Moving the M bar WILL affect the folding - Bromptons (and some other folders) are great machines - but you just have to accept there are compromises to be made.

Rob


----------



## Kell (2 Mar 2016)

The bars will go forward slightly - and by slightly I mean about 1cm.

I tried this when I had one on hire, more to make the bike longer rather than drop the bars. And the bars then don't clip in when folded.

At the risk of continually repeating myself, I had exactly the same problem and ended up buying an H type (same stem height as S type, but with M bars) and removing the bars and fitting some riser bars. You can also do this to an S type.

The reason I went for an H type as a starting point is that the fold is ever so slightly higher and I was worried that the bar ends might catch the floor otherwise. Plus there can be a concern that if you do fit risers then the cables will be too short. And I figured it would be easier to shorten existing cables than to have to buy new, longer ones.

It's certainly an option worth looking in to.


----------



## Kell (2 Mar 2016)

Have a look at this thread for measurements...

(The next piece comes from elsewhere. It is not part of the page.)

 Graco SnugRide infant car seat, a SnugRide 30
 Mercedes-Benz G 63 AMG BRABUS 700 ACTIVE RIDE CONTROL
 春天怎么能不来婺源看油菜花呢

https://www.cyclechat.net/threads/brompton-bar-type-can-someone-measure-for-me.196349/#post-4166611


----------



## nz6666 (2 Mar 2016)

Kell said:


> Have a look at this thread for measurements...
> 
> https://www.cyclechat.net/threads/brompton-bar-type-can-someone-measure-for-me.196349/#post-4166611



Thanks Kell, that's also me in that link  Thanks again.


----------



## Kell (2 Mar 2016)

Ah. I didn't see the two threads together.

D'oh.


----------